WHAT THE TASK ASKS: Output nothing but the lines from the line with "hip hop rap battle Template PosterMyWall" through the end of the listing below, both ends included.

SOURCE MATERIAL:
--

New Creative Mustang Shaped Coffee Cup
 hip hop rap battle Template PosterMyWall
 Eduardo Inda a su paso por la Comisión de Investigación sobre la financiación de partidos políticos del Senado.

--

RESULT:
 hip hop rap battle Template PosterMyWall
 Eduardo Inda a su paso por la Comisión de Investigación sobre la financiación de partidos políticos del Senado.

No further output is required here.